(Short descriptive text snippets)
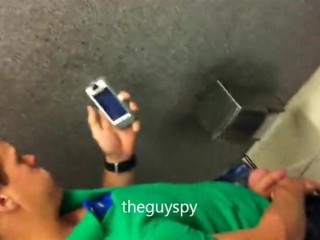 spy dude pissing large and nice cock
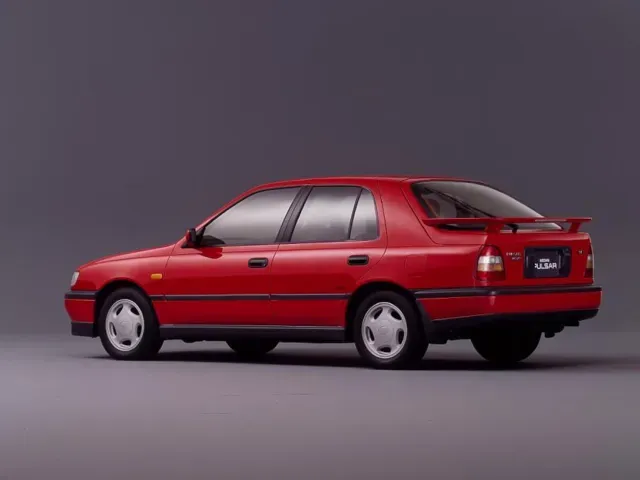 日産 パルサー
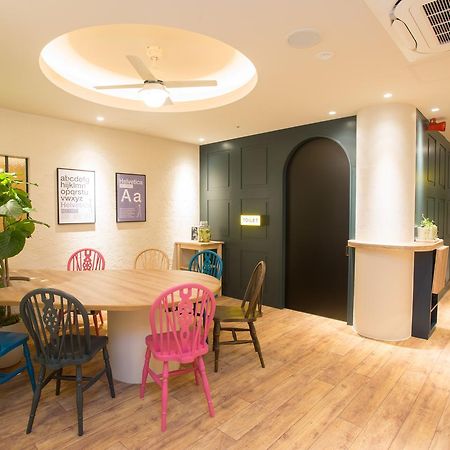 New Japan Lady'S Capsule Hotel Osaka Exterior foto
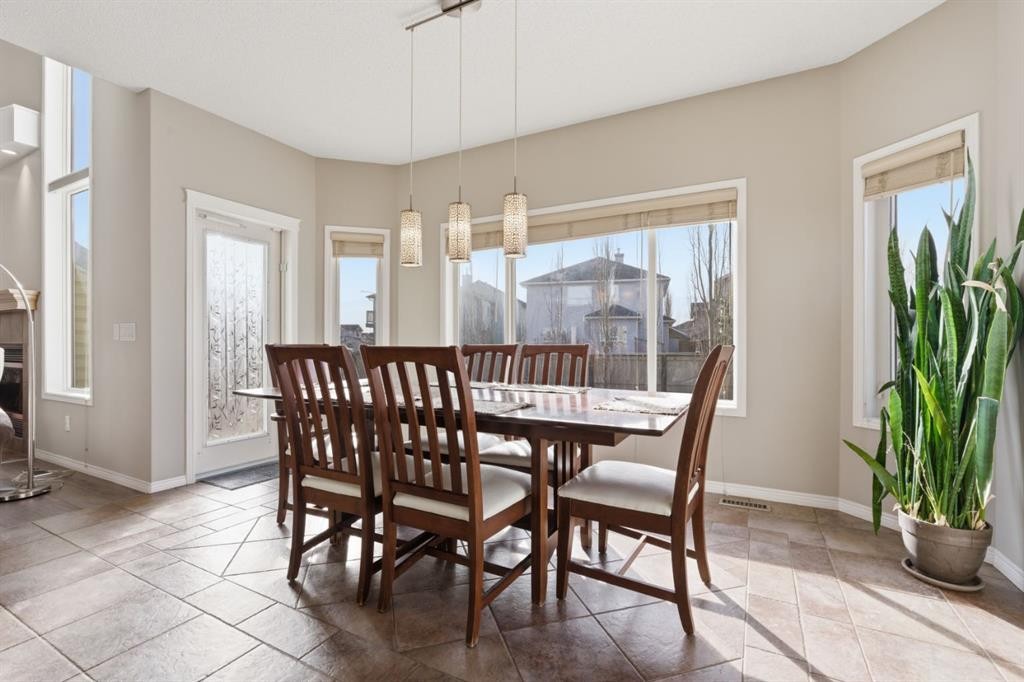 283 Springmere Link, Chestermere, AB - Indoor Photo Showing Dining Room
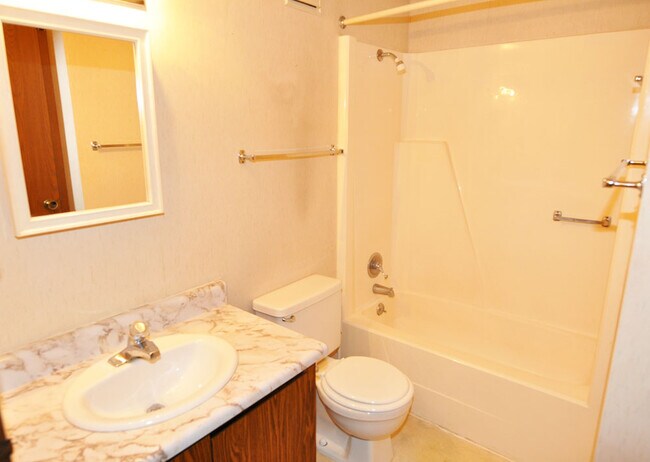Foto del edificio - 859 Logan Ave NW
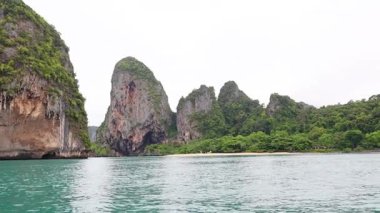 Kireçtaşı kayalıkları ve deniz kenarındaki yemyeşil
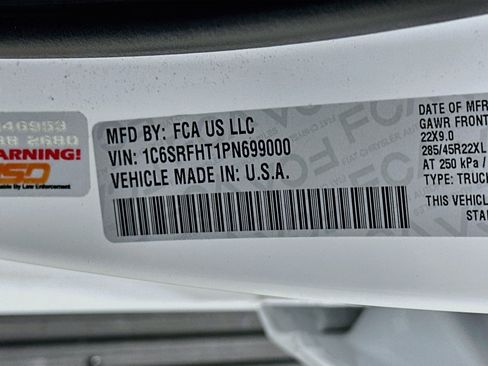 Used 2023 RAM 1500 Limited AWD/4WD image 31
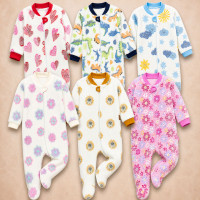 Macacão Fleece Infantil Zíper Solinha Antiderrapante Estampado Corações 12 a 24 Meses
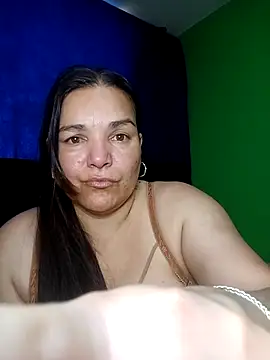 lee hot online show from 02.03.26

* _Task item_
The entries above must be restated exactly in the answer, and the pictures left out.

* _Result_
 spy dude pissing large and nice cock
 日産 パルサー
 New Japan Lady'S Capsule Hotel Osaka Exterior foto
 283 Springmere Link, Chestermere, AB - Indoor Photo Showing Dining Room
Foto del edificio - 859 Logan Ave NW
 Kireçtaşı kayalıkları ve deniz kenarındaki yemyeşil
 Used 2023 RAM 1500 Limited AWD/4WD image 31
 Macacão Fleece Infantil Zíper Solinha Antiderrapante Estampado Corações 12 a 24 Meses
 lee hot online show from 02.03.26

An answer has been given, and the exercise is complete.